Community members unearth artifacts for museums’ collection

February 21, 2012

By Christina Lords

Mary Scott was looking for stock at a yard or estate sale when she found it.

As a local antique dealer and Issaquah History Museums volunteer, she knew there was more to the old 16-by-16-by-26 inch wooden box on wheels than what probably met the eye.

And while officials with the museums are still trying to figure out the technical term for it, for now it’s been dubbed the hot box — a contraption meant to keep large amounts of food warm while it’s transported en masse to railroad workers or loggers at mealtimes. It is thought to have been used between 1890 and 1920.

Scott joined more than 40 other donors in 2011 to bring in artifacts and photographs that help piece together Issaquah’s rich history one item at a time. Items donated to the organizations must, first and foremost, be linked to Issaquah, and they must also have unique appeal.

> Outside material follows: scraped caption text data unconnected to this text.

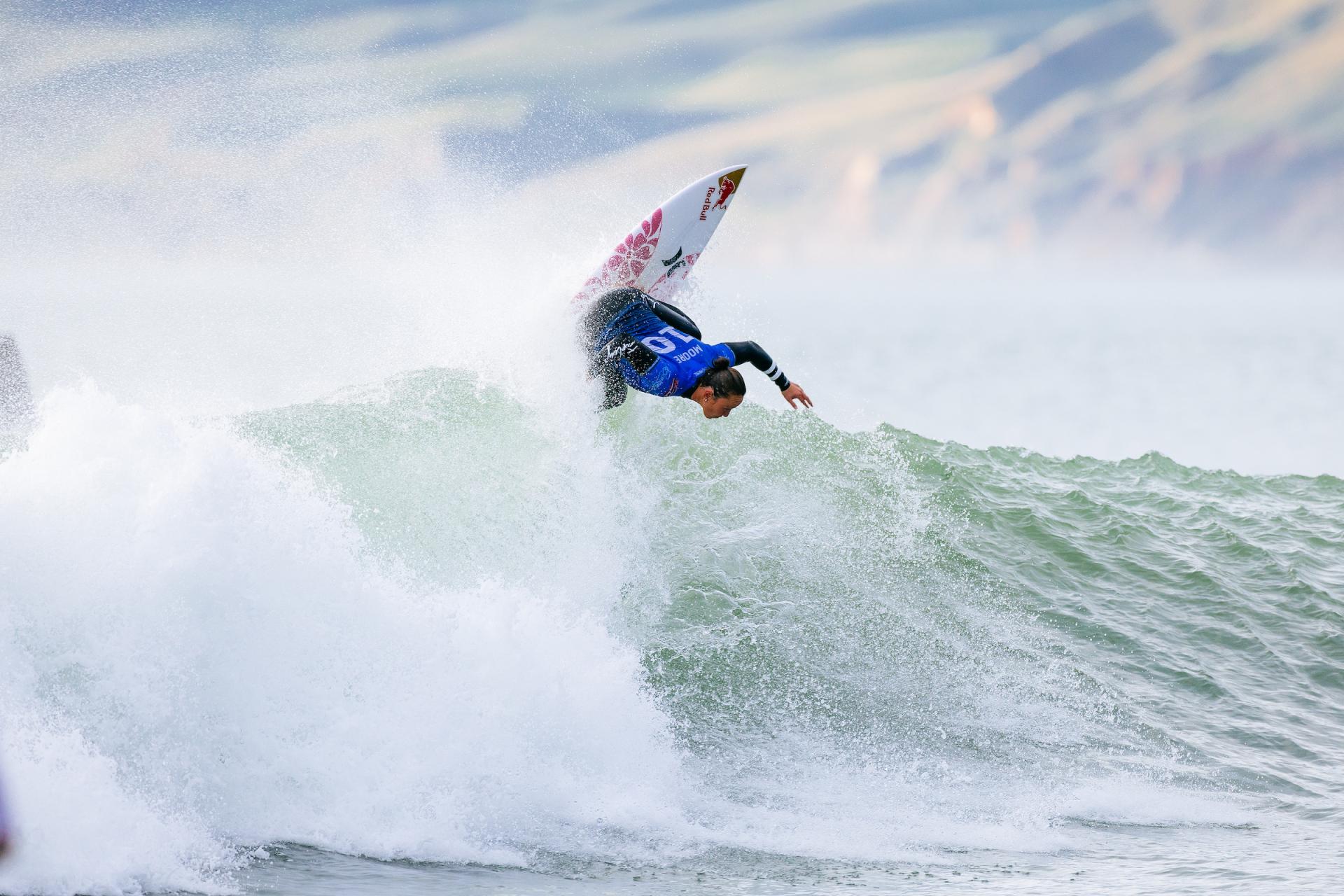 Carissa Moore déclenche un snap backside sous la lèvre - Corona Cero New Zealand Pro 2026 - Journée 2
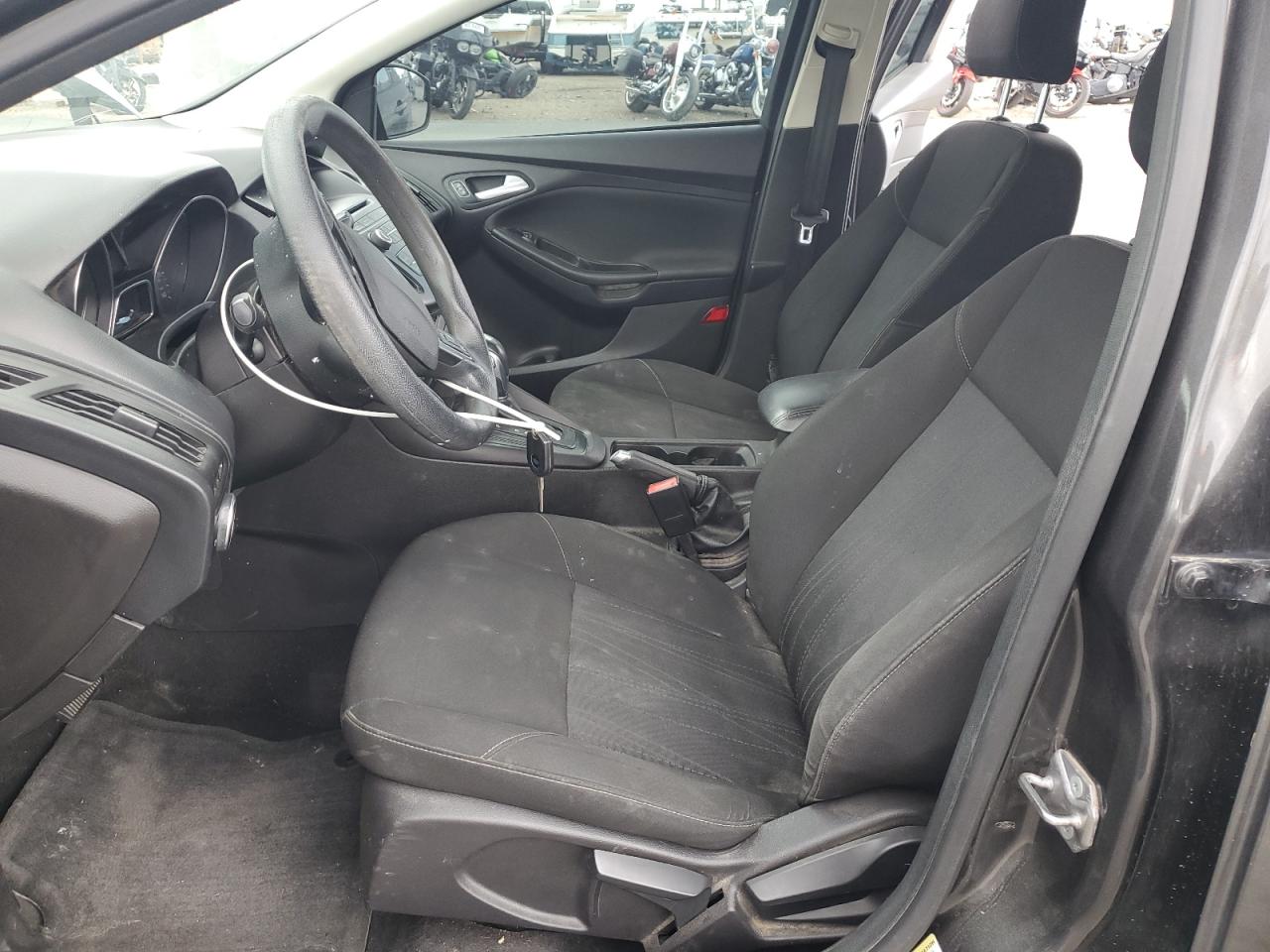 2015 Ford Focus Se VIN: 1FADP3K22FL294012 Lot: 84920825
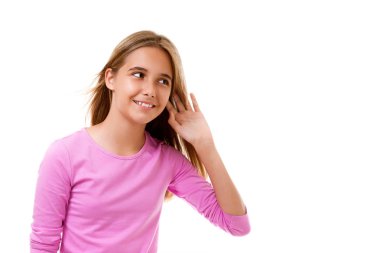 Güzel genç kız dinleme dedikodu resmi. İzole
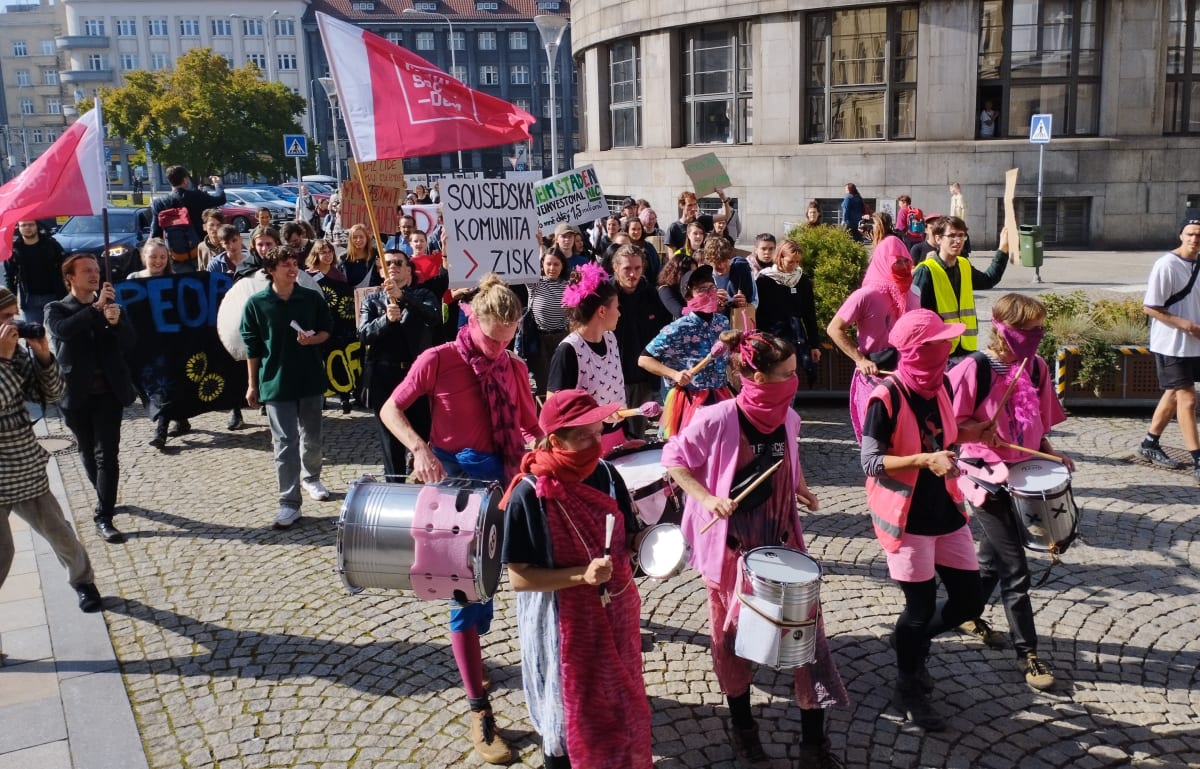 Páteční protestní průvod proti realitní společnosti Heimstaden v Ostravě.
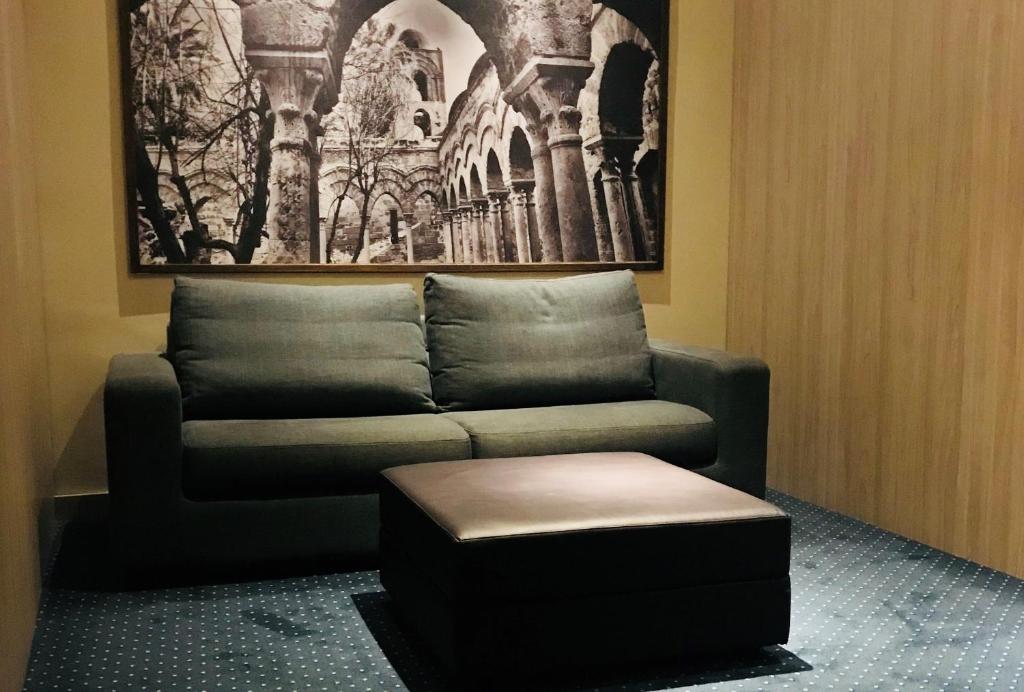 Hotel Federico II Central Palace - Resim 12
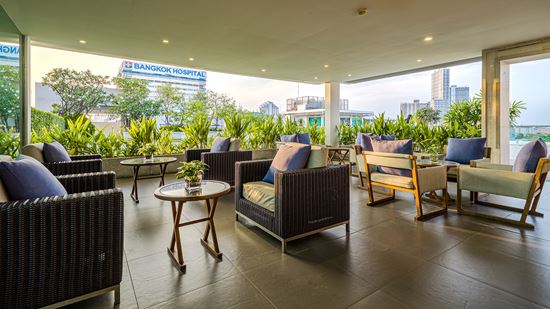 Sky Lounge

While the hot box is the second thermal box in the collection, the organization decided to keep it because of how uncommon they are and how complete this one is, said Collections Manager Julie Hunter.

“This is a rather unusual item, and it’s interesting to me that it’s the second one that we’ve acquired,” she said. “I think that says a lot about how much lumbering and railroad work was done in this area.”

Items like the hot box offer a window into the everyday life of people of the past, she said.

“They were manufactured specifically to make large quantities of food hot and moveable,” she said. “You have a series of tins here, almost like oversized bento boxes. You would put hot water or hot coals underneath the bottom grid to keep things warm.”

The museums’ collection is now home to 2011’s oldest donated piece — a violin with its case that belonged Thomas Jefferson Cherry, one of Issaquah’s earliest settlers, who came to this valley in the 1860s.

The museums also received a donation that was originally part of the first St. Joseph Catholic Church erected in 1896 on Mill Street, or modern day Issaquah’s Sunset Way.

In 1964, construction of a new church began on Mountain View Boulevard, and Mass was first held there March 7, 1965.

But in the meantime, the original church building had fallen into disrepair.

Museums Executive Director Erica Maniez said some of the churchgoers at the time recall grass growing up through the floorboards of the old church.

The original church’s high altar, carefully stored by Bill and Eleanor Somsak for nearly 50 years, was donated to the museums in 2011 on their behalf by their son Jeff Somsak.

The high altar will soon find a new home on display at the Issaquah Train Depot.

The collection also picked up present-day items this year that will certainly hold historical significance later, such as the promotional materials from Swedish/Issaquah’s opening in 2011.